From the researcher’s point of view it’s always a plus when in analyzed malware some really new and unusual techniques are implemented. During 2019 one of actors which let us to solve interesting puzzles was the authors of COMPFun. The COMpfun malware was initially documented by G-DATA in 2014, although G-DATA didn’t identify which actor was using this malware, we tentatively linked it to the Turla APT, based on the victimology.
In the Autumn we already described one of the cases of custom malware designed to compromise TLS-encrypted communications used in the HTTPS protocol (https://securelist.com/compfun-successor-reductor/93633/). Via a combination of installing digital certificates on the target’s browsers and manipulating the TLS handshake to their own schema, the malware operators are able to distinguish the target’s traffic, even after NAT routing, and decrypt it. To mark and distinguish the target’s traffic the developers come up with their own technically ingenious mechanisms – by patching the system’s PRNG functions.

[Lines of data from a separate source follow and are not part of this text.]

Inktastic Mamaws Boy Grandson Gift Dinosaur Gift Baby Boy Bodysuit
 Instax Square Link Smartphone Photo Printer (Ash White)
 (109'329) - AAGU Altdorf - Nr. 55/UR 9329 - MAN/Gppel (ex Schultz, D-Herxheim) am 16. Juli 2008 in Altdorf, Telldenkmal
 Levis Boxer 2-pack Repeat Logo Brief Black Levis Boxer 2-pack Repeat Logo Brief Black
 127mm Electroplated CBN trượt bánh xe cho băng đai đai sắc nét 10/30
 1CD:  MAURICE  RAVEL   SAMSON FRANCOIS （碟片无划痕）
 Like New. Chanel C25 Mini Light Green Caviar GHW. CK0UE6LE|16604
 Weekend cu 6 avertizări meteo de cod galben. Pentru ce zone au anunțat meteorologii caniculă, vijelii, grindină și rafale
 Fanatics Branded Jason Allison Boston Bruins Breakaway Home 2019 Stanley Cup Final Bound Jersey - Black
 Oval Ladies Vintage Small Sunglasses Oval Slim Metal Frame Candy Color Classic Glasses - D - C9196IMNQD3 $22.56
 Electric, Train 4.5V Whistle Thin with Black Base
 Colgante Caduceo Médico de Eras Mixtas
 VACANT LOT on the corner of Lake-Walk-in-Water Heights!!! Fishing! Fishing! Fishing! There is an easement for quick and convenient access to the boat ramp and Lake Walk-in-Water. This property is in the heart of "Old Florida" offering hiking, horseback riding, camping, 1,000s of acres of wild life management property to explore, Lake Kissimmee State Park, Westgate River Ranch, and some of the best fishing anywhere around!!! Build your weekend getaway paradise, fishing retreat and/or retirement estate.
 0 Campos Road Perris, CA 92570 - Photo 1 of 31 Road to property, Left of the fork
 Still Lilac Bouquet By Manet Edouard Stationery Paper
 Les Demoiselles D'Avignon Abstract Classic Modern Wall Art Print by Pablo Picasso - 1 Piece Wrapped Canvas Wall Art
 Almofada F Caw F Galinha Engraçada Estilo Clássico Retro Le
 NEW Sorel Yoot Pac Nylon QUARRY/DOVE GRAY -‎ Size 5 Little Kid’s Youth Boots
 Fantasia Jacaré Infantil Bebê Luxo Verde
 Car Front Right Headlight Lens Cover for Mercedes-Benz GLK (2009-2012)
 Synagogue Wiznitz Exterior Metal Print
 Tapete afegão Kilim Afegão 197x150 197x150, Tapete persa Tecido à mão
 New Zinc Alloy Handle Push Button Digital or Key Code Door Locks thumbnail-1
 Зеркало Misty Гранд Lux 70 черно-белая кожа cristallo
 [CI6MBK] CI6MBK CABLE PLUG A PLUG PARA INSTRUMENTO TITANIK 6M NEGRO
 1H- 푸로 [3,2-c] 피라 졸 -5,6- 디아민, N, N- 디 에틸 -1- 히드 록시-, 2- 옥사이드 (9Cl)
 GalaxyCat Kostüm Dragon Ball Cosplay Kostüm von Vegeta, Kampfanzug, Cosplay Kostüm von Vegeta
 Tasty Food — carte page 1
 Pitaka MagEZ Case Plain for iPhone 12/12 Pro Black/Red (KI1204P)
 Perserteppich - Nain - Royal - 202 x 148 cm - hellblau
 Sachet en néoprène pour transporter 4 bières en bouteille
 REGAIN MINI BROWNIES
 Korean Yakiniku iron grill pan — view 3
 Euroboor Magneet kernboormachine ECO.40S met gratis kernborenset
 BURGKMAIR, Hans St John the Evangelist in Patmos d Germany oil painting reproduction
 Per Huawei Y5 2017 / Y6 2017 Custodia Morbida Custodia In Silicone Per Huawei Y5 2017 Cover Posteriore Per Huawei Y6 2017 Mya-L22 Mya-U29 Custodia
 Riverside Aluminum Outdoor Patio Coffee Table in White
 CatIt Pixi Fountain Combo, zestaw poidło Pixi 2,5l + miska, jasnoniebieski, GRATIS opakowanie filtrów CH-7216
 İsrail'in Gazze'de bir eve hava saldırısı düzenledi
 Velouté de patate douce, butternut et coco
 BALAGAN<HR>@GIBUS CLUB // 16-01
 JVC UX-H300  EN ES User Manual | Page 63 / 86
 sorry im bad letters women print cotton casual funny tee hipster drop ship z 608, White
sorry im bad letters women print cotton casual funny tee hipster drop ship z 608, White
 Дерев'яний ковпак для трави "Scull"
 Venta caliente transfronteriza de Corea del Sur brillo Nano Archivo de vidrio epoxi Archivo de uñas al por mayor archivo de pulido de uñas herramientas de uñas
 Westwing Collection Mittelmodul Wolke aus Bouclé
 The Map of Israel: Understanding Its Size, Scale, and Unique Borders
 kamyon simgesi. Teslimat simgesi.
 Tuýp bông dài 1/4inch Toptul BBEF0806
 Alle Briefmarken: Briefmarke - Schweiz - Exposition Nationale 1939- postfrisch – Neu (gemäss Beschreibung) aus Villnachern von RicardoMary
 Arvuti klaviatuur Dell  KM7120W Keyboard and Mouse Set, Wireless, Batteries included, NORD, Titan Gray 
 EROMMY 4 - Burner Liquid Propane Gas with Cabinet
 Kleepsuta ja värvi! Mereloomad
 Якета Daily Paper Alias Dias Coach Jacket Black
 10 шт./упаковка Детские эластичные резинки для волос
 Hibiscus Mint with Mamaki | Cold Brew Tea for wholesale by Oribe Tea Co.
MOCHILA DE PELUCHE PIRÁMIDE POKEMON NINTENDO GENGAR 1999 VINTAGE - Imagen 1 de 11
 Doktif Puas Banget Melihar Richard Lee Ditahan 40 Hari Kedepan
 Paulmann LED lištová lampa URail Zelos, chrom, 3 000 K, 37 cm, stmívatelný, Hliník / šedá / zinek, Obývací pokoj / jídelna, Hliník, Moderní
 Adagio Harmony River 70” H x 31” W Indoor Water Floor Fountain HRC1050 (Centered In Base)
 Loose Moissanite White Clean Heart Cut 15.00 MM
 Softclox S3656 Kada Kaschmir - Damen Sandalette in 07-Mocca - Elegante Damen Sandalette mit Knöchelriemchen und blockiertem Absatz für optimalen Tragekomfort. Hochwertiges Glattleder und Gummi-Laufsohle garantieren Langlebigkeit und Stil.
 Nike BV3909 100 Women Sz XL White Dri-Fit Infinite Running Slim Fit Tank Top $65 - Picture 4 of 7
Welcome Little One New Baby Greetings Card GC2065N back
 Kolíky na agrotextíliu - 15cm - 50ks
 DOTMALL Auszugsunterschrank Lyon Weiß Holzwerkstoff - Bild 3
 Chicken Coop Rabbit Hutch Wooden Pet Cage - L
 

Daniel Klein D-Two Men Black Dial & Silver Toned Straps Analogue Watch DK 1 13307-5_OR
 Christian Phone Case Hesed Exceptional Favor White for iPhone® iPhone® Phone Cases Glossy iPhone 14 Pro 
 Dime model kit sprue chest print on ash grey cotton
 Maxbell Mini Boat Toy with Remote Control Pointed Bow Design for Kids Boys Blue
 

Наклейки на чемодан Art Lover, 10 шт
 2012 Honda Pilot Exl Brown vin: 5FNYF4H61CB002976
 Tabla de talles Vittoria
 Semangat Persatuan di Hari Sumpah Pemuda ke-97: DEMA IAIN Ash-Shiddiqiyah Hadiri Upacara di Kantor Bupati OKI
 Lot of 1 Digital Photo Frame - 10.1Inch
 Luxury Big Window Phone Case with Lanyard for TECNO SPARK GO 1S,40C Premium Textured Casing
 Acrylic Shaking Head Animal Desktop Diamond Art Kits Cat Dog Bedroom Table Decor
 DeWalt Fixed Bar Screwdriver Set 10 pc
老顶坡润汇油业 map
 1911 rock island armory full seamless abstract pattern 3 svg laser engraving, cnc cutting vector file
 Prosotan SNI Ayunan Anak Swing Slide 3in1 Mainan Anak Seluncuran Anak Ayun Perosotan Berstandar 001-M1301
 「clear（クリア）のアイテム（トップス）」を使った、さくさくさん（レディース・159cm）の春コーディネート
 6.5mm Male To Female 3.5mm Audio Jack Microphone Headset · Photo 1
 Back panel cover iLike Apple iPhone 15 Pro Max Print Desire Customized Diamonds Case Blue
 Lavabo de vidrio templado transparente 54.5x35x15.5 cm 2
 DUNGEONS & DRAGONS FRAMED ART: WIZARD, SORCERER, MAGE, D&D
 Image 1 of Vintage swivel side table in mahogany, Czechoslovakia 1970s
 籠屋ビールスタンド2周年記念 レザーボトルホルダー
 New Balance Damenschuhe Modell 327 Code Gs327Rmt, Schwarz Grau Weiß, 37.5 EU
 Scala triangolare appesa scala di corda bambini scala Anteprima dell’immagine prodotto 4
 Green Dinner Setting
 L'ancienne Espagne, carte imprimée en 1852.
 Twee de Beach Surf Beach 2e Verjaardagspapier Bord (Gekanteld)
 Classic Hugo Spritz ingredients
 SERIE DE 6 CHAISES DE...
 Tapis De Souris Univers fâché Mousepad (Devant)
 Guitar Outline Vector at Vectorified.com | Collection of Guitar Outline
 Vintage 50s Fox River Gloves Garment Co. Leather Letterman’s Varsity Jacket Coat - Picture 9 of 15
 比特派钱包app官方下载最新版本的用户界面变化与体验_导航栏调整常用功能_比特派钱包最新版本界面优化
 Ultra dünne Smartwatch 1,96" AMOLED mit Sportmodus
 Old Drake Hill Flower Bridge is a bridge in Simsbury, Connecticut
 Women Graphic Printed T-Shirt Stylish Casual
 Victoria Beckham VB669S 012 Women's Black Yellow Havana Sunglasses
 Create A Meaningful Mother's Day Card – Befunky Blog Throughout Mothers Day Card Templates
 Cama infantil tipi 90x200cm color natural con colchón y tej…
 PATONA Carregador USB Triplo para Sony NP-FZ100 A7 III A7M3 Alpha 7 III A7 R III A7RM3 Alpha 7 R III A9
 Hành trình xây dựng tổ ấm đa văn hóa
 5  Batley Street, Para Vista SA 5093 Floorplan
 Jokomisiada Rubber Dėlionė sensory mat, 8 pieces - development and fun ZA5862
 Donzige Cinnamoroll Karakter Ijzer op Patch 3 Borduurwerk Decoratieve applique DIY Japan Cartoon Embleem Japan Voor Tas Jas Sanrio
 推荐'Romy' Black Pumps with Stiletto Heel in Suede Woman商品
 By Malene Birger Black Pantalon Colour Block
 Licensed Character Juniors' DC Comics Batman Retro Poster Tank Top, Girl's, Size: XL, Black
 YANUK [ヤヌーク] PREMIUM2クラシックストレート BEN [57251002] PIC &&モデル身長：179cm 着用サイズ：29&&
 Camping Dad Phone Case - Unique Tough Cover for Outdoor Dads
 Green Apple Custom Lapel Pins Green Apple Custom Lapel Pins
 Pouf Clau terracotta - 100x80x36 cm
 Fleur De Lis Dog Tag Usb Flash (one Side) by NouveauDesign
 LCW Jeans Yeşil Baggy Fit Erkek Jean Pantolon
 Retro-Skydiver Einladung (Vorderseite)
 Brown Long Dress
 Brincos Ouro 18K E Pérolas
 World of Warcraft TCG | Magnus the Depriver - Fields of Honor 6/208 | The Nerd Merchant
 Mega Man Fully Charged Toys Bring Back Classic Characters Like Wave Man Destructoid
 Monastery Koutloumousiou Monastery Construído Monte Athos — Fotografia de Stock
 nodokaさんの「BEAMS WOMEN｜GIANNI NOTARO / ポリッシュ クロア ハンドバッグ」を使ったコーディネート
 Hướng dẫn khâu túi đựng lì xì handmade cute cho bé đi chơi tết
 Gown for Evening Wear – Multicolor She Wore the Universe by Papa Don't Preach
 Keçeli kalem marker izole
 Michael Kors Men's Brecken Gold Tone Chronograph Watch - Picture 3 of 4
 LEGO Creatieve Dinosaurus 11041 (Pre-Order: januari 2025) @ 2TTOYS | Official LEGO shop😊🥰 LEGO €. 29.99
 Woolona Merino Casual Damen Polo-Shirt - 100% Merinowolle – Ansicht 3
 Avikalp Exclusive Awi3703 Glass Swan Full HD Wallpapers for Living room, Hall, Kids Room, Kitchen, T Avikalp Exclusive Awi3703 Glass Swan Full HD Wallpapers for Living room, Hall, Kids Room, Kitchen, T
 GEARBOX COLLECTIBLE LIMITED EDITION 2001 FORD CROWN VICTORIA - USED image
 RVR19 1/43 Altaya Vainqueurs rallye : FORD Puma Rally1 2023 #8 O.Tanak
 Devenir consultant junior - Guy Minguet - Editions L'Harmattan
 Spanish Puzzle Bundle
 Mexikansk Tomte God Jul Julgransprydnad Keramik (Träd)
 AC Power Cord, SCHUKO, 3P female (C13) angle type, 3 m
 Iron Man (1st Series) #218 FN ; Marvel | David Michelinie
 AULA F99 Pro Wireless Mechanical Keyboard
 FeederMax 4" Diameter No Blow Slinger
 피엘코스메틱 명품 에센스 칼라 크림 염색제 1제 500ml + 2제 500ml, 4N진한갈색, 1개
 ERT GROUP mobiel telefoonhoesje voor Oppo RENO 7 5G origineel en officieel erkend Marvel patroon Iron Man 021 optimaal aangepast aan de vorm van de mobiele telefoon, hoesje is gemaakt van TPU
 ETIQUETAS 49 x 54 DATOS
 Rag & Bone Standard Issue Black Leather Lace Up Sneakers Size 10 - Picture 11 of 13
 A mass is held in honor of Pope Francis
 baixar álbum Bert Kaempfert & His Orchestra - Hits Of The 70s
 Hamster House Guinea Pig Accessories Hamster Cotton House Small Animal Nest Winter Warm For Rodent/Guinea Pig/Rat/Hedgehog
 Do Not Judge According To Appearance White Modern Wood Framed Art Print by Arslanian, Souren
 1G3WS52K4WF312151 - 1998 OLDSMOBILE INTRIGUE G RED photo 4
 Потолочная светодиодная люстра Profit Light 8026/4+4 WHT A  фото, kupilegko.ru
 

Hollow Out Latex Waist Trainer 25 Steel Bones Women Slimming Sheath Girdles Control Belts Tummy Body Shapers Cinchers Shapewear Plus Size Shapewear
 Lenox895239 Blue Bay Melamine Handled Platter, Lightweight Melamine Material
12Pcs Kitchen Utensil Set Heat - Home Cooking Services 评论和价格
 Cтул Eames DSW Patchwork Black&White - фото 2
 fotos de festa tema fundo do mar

Later on we found another sample with very strong code similarities. These files show us that with the same code base developers solve very different problems. This time code doesn’t manipulate TLS traffic at all. These newer samples use non-existent or rare HTTP statuses (422-429) as commands. Targets beacon C2s with specific ETag and awaits for C2 response to proceed the commands. To the submission date this is ongoing research, but it’s already obvious that some developers’ efforts here goes to the spreading further to the plugged USB devices. We assume this functionality has to serve for air-gaps.
Way of injection into system processes’ memory also worth to mention. Needed API functions addressed in this case transmitted as parameter and as a result injected code by itself (i.e. dumped from memory) could barely be analyzed without this additional data. COMPFun developers were creative and potent (i.e. in terms on persistence) back in 2014, they are still the same now in 2019.